(RECORDS FOR PROCESSING begins)

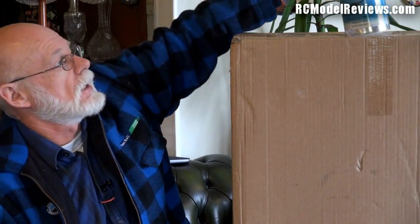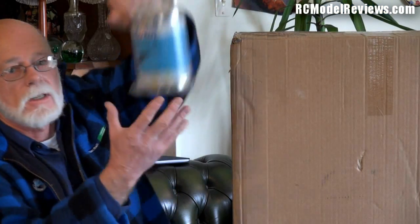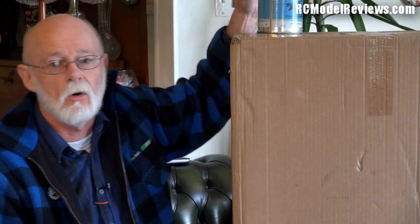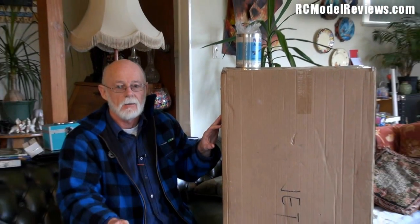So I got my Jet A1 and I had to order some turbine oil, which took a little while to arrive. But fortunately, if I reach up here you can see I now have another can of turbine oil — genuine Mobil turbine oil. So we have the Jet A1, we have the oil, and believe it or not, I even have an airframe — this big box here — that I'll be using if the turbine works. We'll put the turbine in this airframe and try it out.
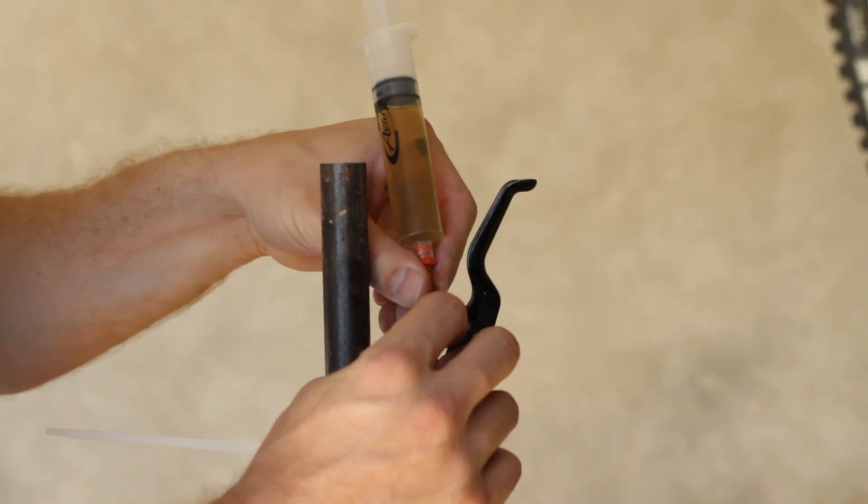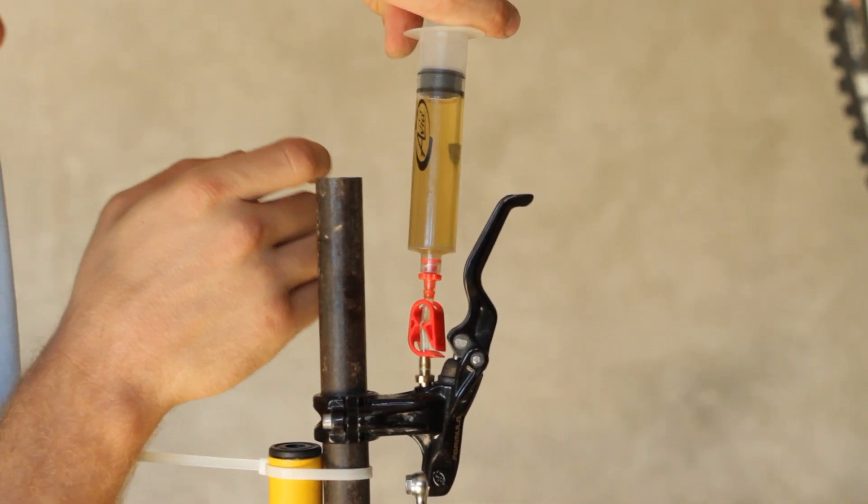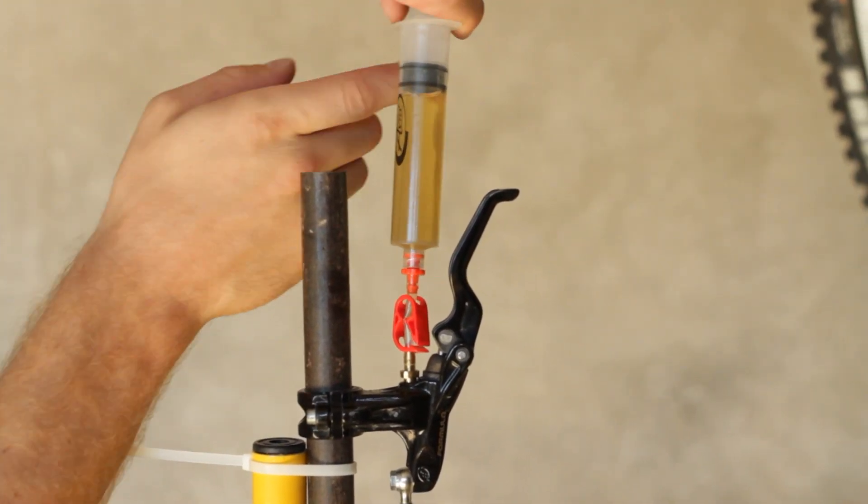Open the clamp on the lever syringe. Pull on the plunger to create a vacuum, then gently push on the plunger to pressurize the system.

(RECORDS FOR PROCESSING ends)
(RECORDS FOR PROCESSING begins)

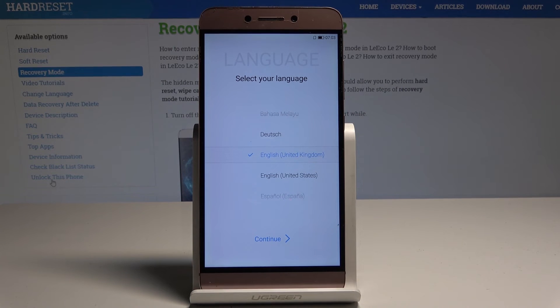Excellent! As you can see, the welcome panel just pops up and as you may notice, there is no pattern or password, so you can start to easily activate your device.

(RECORDS FOR PROCESSING ends)

-- TASK REQUIREMENTS --
In the listing above, find the line with "So I got my" and the line with "Open the clamp". Transcribe those two and everything between, exactly, leaving out pictures.

-- RESPONSE AREA --
So I got my Jet A1 and I had to order some turbine oil, which took a little while to arrive. But fortunately, if I reach up here you can see I now have another can of turbine oil — genuine Mobil turbine oil. So we have the Jet A1, we have the oil, and believe it or not, I even have an airframe — this big box here — that I'll be using if the turbine works. We'll put the turbine in this airframe and try it out.
Open the clamp on the lever syringe. Pull on the plunger to create a vacuum, then gently push on the plunger to pressurize the system.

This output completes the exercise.